──────── Recorded data

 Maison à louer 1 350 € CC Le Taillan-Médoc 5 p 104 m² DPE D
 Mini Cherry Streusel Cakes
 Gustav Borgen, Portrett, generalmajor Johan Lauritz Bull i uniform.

────────────────
──────── Recorded data

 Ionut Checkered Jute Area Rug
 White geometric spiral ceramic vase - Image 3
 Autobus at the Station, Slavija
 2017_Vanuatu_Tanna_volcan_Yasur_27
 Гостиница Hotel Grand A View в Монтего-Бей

────────────────
──────── Recorded data

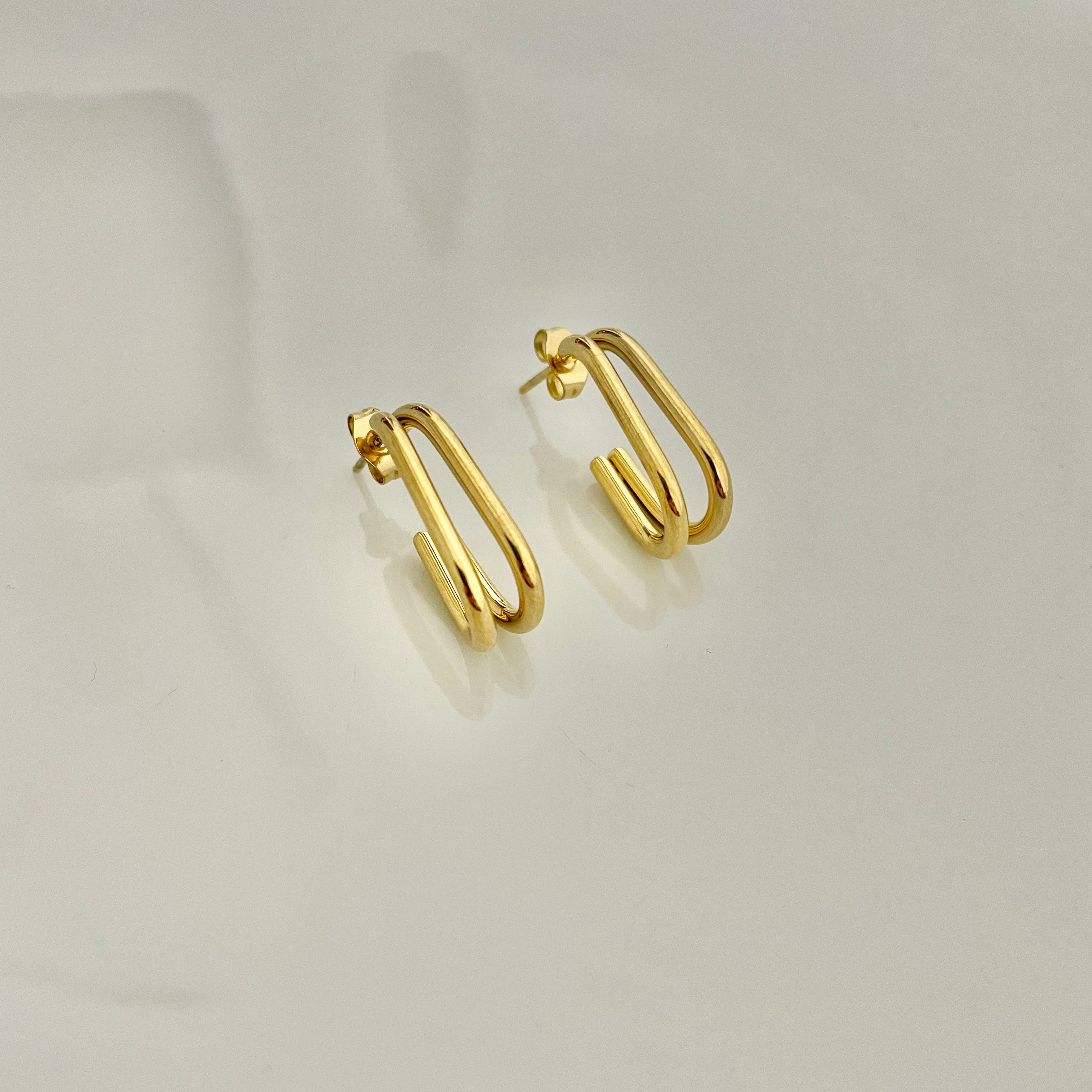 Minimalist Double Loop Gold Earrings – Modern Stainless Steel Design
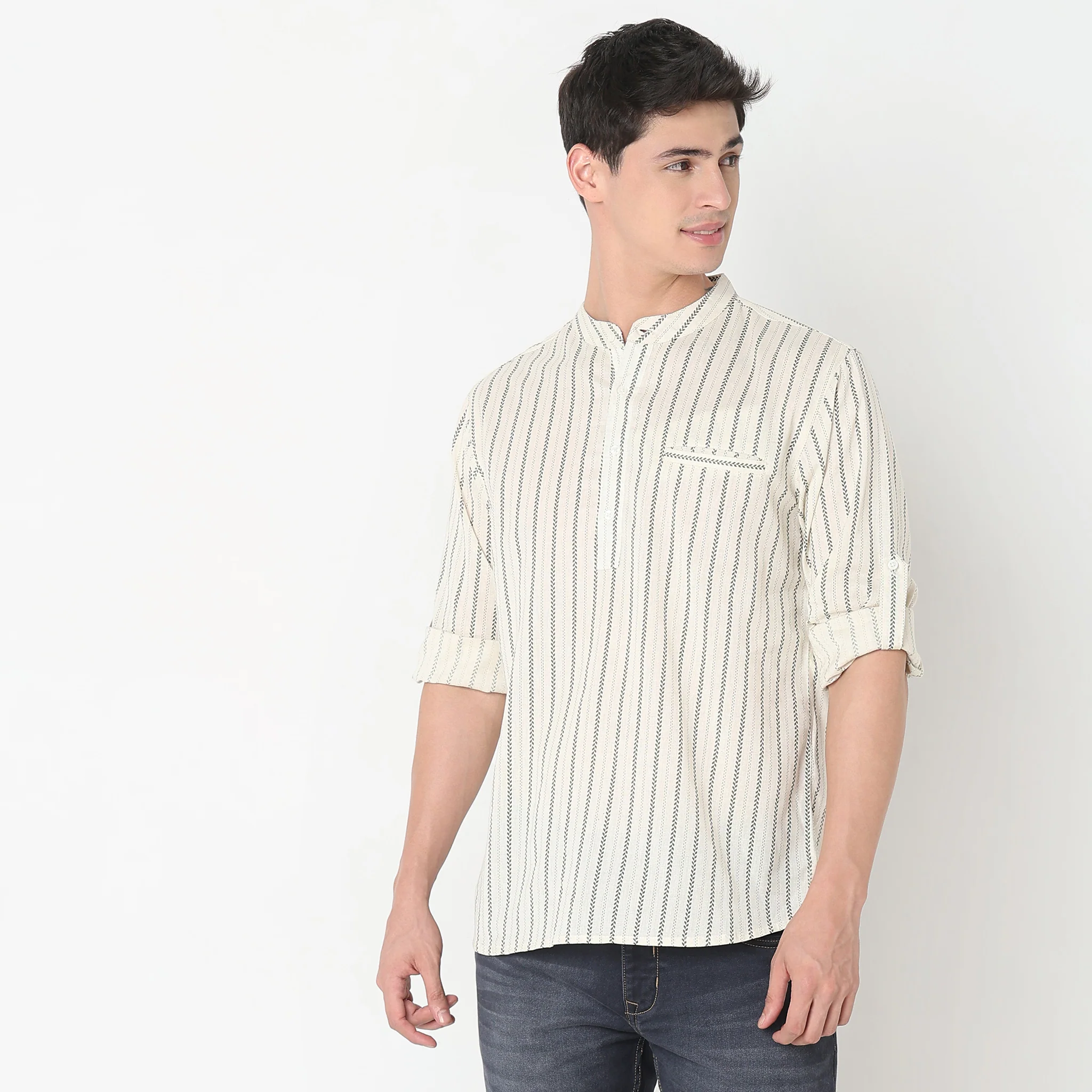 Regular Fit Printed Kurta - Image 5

────────────────

▶ [Task directions]
The listing above holds a line with "Autobus at the Station, Slavija" and a line with "Гостиница Hotel Grand A View в Монтего-Бей". Print the stretch from the first through the second, exactly and alone.

▶ [The completed task]
 Autobus at the Station, Slavija
 2017_Vanuatu_Tanna_volcan_Yasur_27
 Гостиница Hotel Grand A View в Монтего-Бей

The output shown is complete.